Updated: Jun 11, 2019

1. ) Choose Your Blog Name With Care

This first step forces you to choose what your blog is going to be about. Possible subjects include fashion, beauty, cooking, travel, fitness, lifestyle, etc. Determine this first and pick a name that will reflect your blog's topics. Remember that you want to find a niche since there are millions of blogs out there already. Targeting a broad audience is bad for engagement so try focusing on a smaller audience.

Here are some words and ideas relating to the topics previously mentioned to get your creative juices flowing. Start mixing and matching words to create blog names and don't be afraid to use a thesaurus. You could even create your own words by putting two together. For example, the combination of podcast and broadcast makes "podcast"and breakfast and lunch makes "brunch".

Once you have jotted down some potential names, you need to check if its available. The domain cannot be used by someone already. The easiest way to check is to consult Google for a domain search tool. I have found to be useful.


2. ) Create Your Color Palette

One of the most important elements of brand recognition is color. Limit your color palette to 5 colors or less and be sure to include both dark and light shades. Your goal is to have all these colors go together with the ability to be mixed around. A good starting point is to choose 1-2 primary colors and branch out from there. Get the hex codes so you can use these consistently across your blog.

Choosing colors sound easy since we all have ones that we gravitate towards. Go beyond picking your favorite colors and consider the mood your color scheme portrays and how it makes readers feel. If you pick extreme shades like hot pink and neon green it may turn viewers away. Warmer colors like reds, yellows, and oranges convey excitement while cooler color schemes like blues, greens, and purples give off a relaxed and peaceful vibe. Think of your color story as showing off your brand's personality.

Color Scheme Types

There are four main types of color schemes in design that you can use to establish harmony: monochromatic, analogous, complementary and triadic.

Monochromatic: Made up of a single color with varying shades and tints. Since they lack focal areas, monochromatic color schemes tend to be safe and relaxing.

Analogous: Colors that lie next to each other on the color wheel in either the warm or cool spectrum. This can be a difficult palette to use since the colors can easily blend together. However, analogous color schemes are often found in nature and can be very beautiful.

Complementary: Colors that are directly opposite of each other on the color wheel such as red and green, purple and yellow, orange and blue. With the powerful contrast of complementary colors, designers often use one dominant color for a background and the other to highlight important elements.

Triadic: Considered the best color scheme by some, take three colors that are evenly spaced around the color wheel at 120 degrees.

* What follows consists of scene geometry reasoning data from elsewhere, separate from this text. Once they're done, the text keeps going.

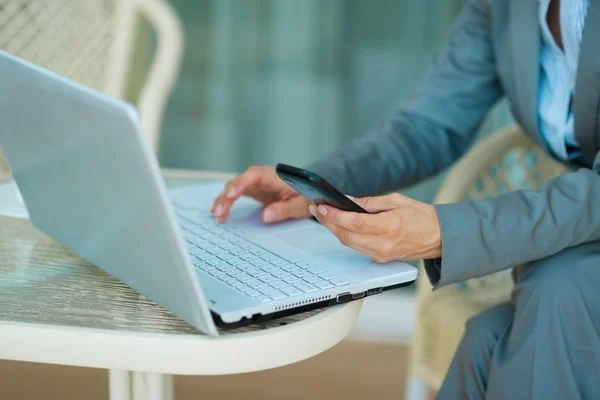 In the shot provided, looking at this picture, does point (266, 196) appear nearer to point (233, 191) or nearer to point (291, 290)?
point (233, 191)

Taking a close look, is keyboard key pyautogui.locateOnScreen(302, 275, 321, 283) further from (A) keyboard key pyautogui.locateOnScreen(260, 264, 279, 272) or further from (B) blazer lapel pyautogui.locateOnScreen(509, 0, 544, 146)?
(B) blazer lapel pyautogui.locateOnScreen(509, 0, 544, 146)

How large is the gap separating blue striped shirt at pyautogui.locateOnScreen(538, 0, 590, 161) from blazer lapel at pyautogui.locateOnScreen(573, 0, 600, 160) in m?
0.03

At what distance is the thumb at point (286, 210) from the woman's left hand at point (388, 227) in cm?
11

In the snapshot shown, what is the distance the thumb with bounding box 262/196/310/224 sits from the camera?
92cm

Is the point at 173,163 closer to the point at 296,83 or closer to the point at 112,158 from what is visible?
the point at 296,83

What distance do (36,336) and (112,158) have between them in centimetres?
17

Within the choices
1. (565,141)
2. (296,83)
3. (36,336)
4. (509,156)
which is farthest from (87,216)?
(296,83)

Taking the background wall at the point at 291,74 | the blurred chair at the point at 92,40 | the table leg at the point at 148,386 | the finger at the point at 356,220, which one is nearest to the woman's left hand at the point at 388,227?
the finger at the point at 356,220

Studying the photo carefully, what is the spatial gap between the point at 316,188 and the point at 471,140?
64cm

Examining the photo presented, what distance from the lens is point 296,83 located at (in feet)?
6.77

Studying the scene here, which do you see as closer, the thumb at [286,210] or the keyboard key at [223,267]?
the keyboard key at [223,267]

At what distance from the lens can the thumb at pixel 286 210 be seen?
92 centimetres

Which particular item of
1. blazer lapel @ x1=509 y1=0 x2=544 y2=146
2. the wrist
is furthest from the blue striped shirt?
the wrist

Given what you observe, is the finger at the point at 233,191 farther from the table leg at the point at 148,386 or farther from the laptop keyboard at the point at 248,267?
the table leg at the point at 148,386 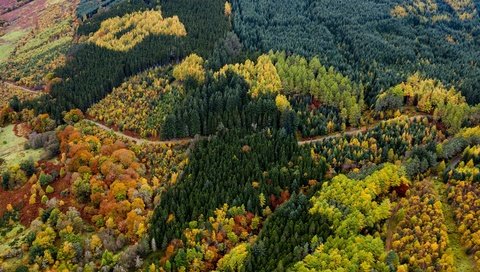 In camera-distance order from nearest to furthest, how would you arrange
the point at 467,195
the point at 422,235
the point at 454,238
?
1. the point at 422,235
2. the point at 454,238
3. the point at 467,195

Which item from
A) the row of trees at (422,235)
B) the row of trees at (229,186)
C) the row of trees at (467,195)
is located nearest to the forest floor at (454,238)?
the row of trees at (467,195)

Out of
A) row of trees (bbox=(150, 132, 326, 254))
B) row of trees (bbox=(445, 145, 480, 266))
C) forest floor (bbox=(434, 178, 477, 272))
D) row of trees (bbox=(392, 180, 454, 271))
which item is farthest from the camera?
row of trees (bbox=(150, 132, 326, 254))

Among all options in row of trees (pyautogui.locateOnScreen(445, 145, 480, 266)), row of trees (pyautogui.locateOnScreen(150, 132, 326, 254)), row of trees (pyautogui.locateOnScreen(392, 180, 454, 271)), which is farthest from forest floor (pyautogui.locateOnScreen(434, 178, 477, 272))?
row of trees (pyautogui.locateOnScreen(150, 132, 326, 254))

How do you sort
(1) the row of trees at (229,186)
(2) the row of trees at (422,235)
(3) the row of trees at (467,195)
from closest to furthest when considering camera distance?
1. (2) the row of trees at (422,235)
2. (3) the row of trees at (467,195)
3. (1) the row of trees at (229,186)

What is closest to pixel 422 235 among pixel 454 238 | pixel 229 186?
pixel 454 238

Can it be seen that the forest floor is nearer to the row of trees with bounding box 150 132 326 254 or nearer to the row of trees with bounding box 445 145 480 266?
the row of trees with bounding box 445 145 480 266

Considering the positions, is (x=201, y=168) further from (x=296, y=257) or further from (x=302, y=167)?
(x=296, y=257)

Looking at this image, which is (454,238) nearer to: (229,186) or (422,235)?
(422,235)

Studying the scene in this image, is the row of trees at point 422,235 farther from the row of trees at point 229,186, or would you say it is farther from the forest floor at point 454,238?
the row of trees at point 229,186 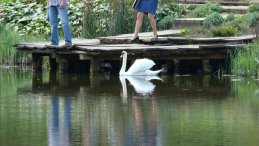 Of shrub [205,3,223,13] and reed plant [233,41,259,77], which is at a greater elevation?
shrub [205,3,223,13]

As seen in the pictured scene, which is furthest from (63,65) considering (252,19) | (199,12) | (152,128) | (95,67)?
(152,128)

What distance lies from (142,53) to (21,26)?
8.62 m

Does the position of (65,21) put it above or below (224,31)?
above

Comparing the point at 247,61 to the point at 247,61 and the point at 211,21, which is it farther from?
the point at 211,21

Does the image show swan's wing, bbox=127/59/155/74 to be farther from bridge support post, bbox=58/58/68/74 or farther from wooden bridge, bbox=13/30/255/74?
bridge support post, bbox=58/58/68/74

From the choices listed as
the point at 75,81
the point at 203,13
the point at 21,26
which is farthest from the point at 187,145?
the point at 21,26

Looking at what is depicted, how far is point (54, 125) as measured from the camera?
26.2 feet

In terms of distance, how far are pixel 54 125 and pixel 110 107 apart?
158 cm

The palette provides a balanced and harmonious style where one color can be used for you background and the other two for your content.

Suggested Tool: Adobe has a user-friendly color scheme tool that allows you to pick colors and see them side-by-side.

The Mood Board

I'm sure you are already familiar with Pinterest but if not this is a great tool to put all your ideas together in one place, like a digital bulletin board. Creating a mood board will help define your brand's identity as I'm sure you have plenty of ideas floating around in your head. Curating your inspiration board will bring your brand's colors, values, and culture to focus. See the bottom of this page for an example of my mood board.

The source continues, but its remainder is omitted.